● GIVEN MATERIAL:

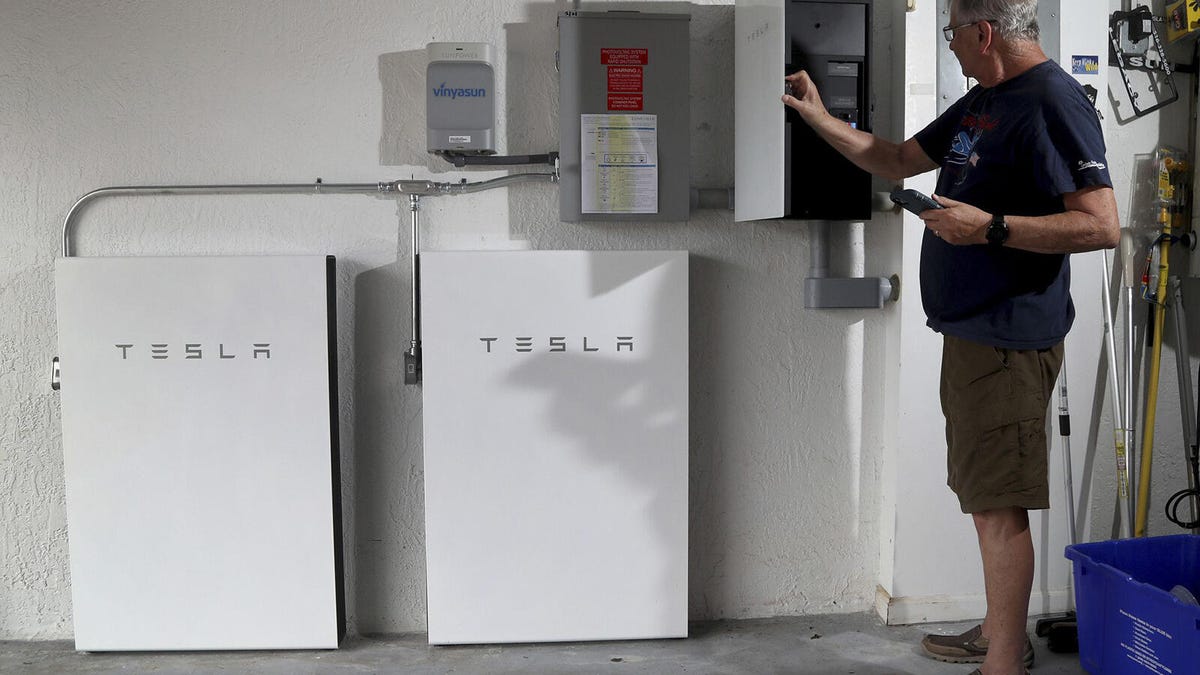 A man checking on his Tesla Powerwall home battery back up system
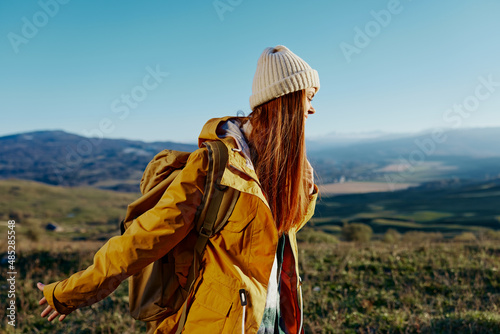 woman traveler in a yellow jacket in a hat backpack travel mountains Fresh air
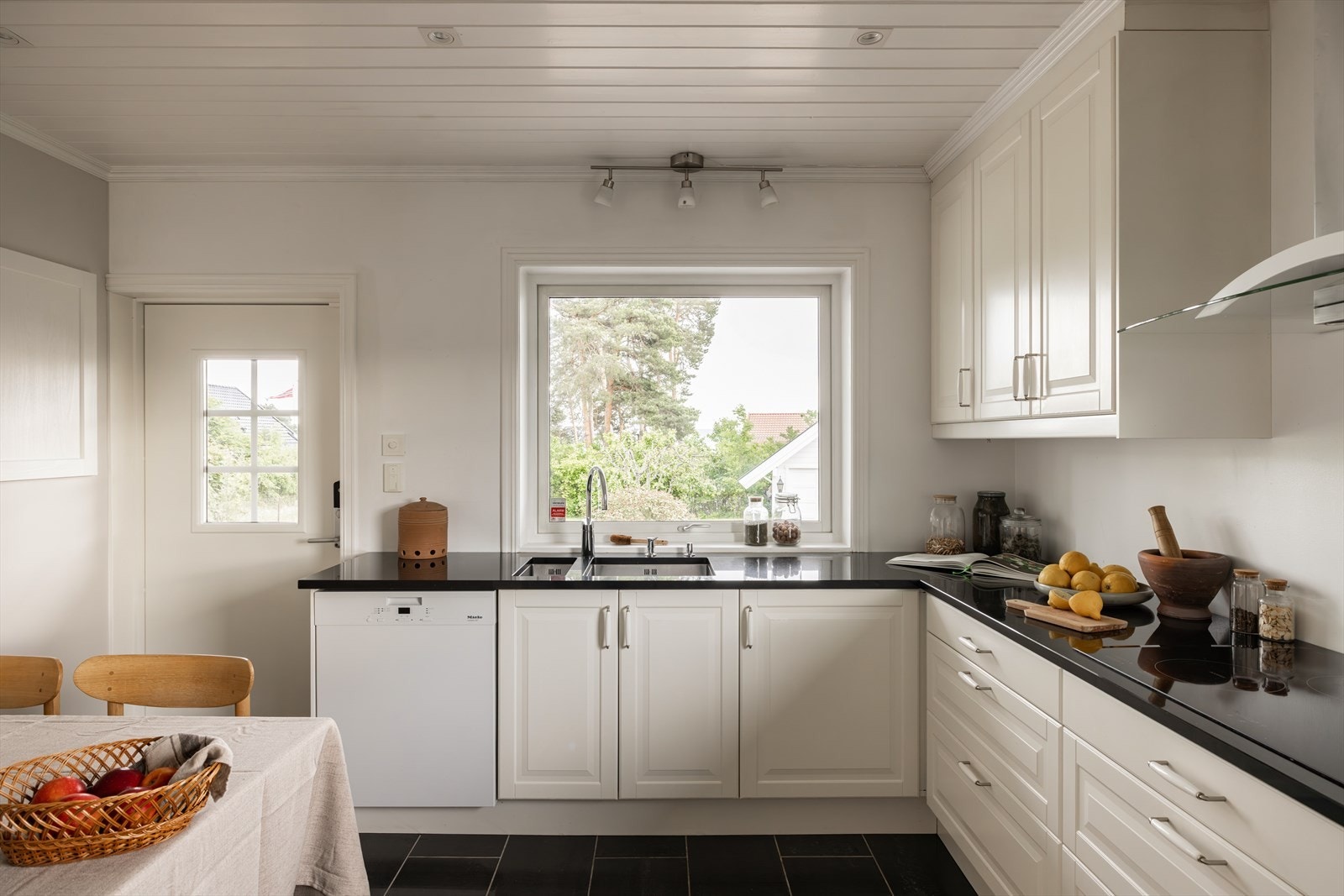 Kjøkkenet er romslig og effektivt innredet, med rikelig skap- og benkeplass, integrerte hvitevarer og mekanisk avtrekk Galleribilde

● WHAT YOU SHOULD DO:
Every line above must appear in the answer unchanged, and no picture may appear in it.

● YOUR SOLUTION:
 A man checking on his Tesla Powerwall home battery back up system
 woman traveler in a yellow jacket in a hat backpack travel mountains Fresh air
 Kjøkkenet er romslig og effektivt innredet, med rikelig skap- og benkeplass, integrerte hvitevarer og mekanisk avtrekk Galleribilde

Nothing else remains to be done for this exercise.